Breastshells help the air circulate round your nipples - you don't need to walk around with no top all day.

The baby feeds ALL THE TIME!!!!

When the latch is wrong, it fucking hurts.

Getting the latch right is so hard.

The let down reflex can be really sore.

StarOfLightMcKings3 Fri 28-Dec-12 23:33:57

That a successful mother can be one still in her pjs on day 14 with takeaway boxes scattered about the living room floor and no routine for eating or sleeping.

PinotGrigioandaMincePie Fri 28-Dec-12 23:47:12

That it is time consuming! DS could feed for 50minutes, have a 10minute rest then feed for another 50minutes and it didn't mean that anything was wrong. As above, a comfy chair and a drink & snack close to hand are essential in the early days.

I wanted to BF but was also happy to FF if it didn't work out. I still BF DS who is now 9months so it did work out well for us. I feel that part of this was that I didn't put pressure on myself.

Having said that it took 3 days to get DS to latch on after a very successful first feed in the recovery room. This required a lot of support from Midwives, BF support workers and my husband and I could easily have given in without this help. Please ask for/accept any help you need to make it work for you but don't be too hard on yourself of it doesn't work.

Good luck!

ChunkyTurkeywiththetrimmings Fri 28-Dec-12 23:53:31

I totally agree with many posts so can't add much...

That each baby is very different & so is the bfing experience.

My DD; no tongue tie, hurt a LOT for 2wks despite being told it was a 'good latch' - blisters, bleeding, toe-curling pain, the works - but suddenly at 2wks, it just clicked & it was fine."Struggled" to gain weight (on 2nd centile for a few wks after born on 9th) and fed for hours, with seemingly no pattern initially. Could barely express anything, but leaked loads.

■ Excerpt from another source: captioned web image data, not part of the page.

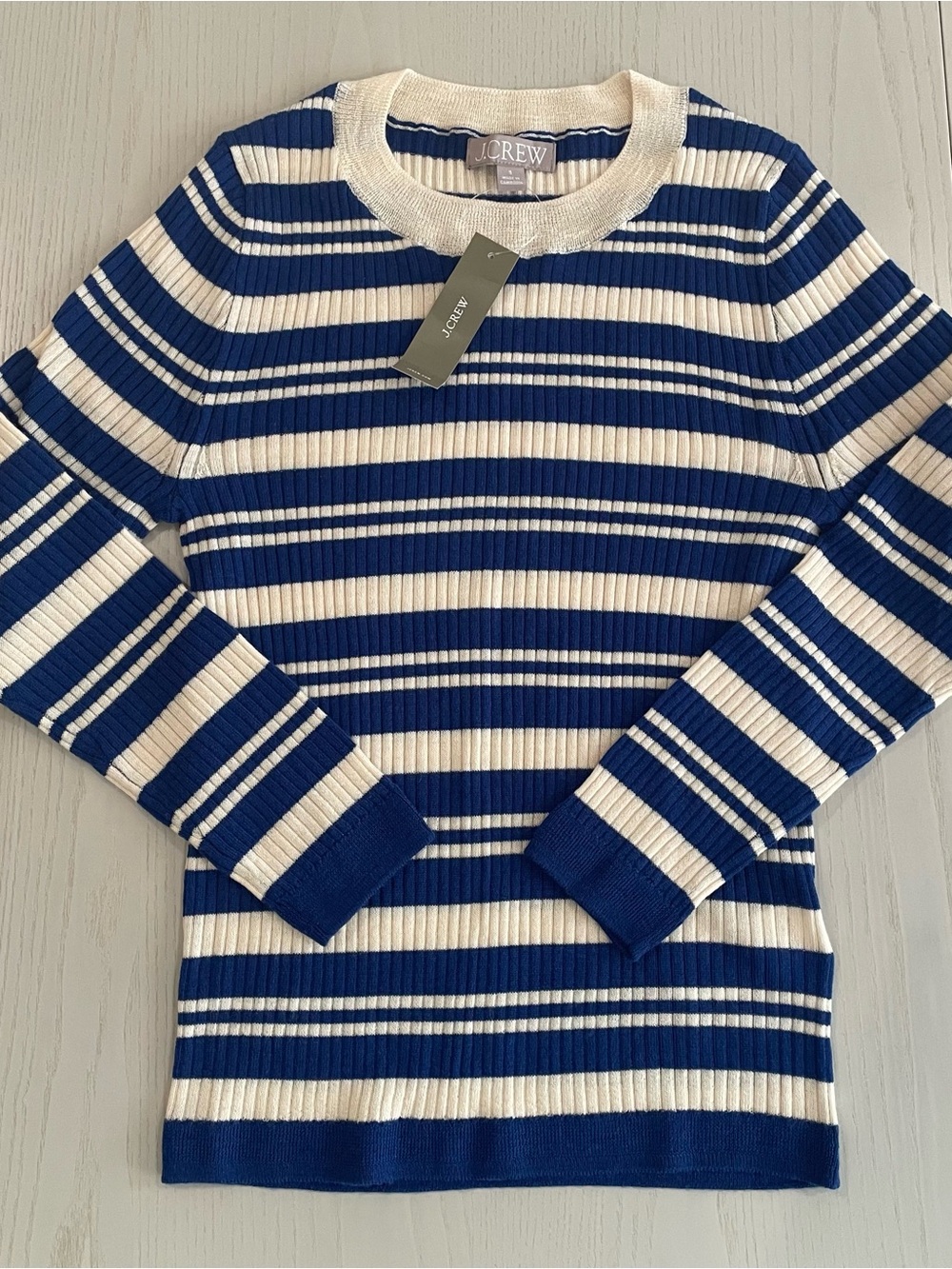 J. Crew Carolyn Striped Merino Wool Sweater CM699 Harbor blue ivory - Small - Picture 4 of 8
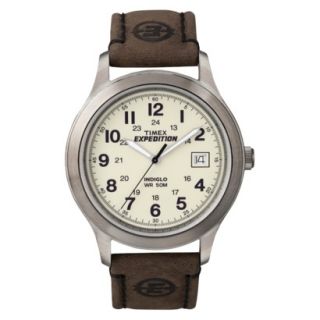 Mens Timex Cream Dial Watch   Brown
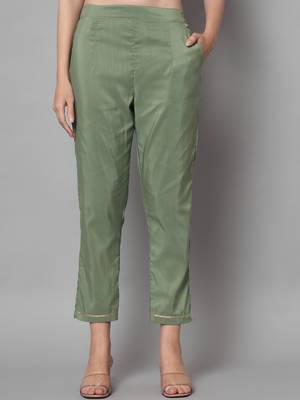 Sea-green embroidered silk blend Kurta Pant With Dupatta 4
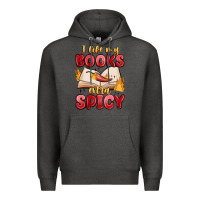 Charcoal Heather i like my books extra spicy Premium Hoodie - MaliasSmallBusiness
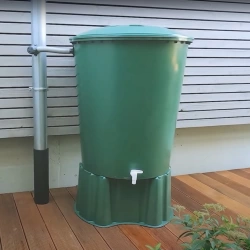 Récupérateur d'eau aérien cylindrique 310 L vert - H. 94 x Ø 80 cm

My DS (#2): severely tongue tied but less pain than with DD, gained weight v well, express loads with same pump, fed regularly every 2hrs from the start but quite quickly (longest feed in 7wks is 45mins once or twice). Still leak LOADS but now also have the 'fun' horrendous let-down pains/sensations, when he's crying & feeding, including subsequent let-downs during the feed!!

My top tip; take each day at a time & repeat "this will pass" as a mantra!! smile

ChunkyTurkeywiththetrimmings Fri 28-Dec-12 23:53:42

I totally agree with many posts so can't add much...

That each baby is very different & so is the bfing experience.

My DD; no tongue tie, hurt a LOT for 2wks despite being told it was a 'good latch' - blisters, bleeding, toe-curling pain, the works - but suddenly at 2wks, it just clicked & it was fine."Struggled" to gain weight (on 2nd centile for a few wks after born on 9th) and fed for hours, with seemingly no pattern initially. Could barely express anything, but leaked loads.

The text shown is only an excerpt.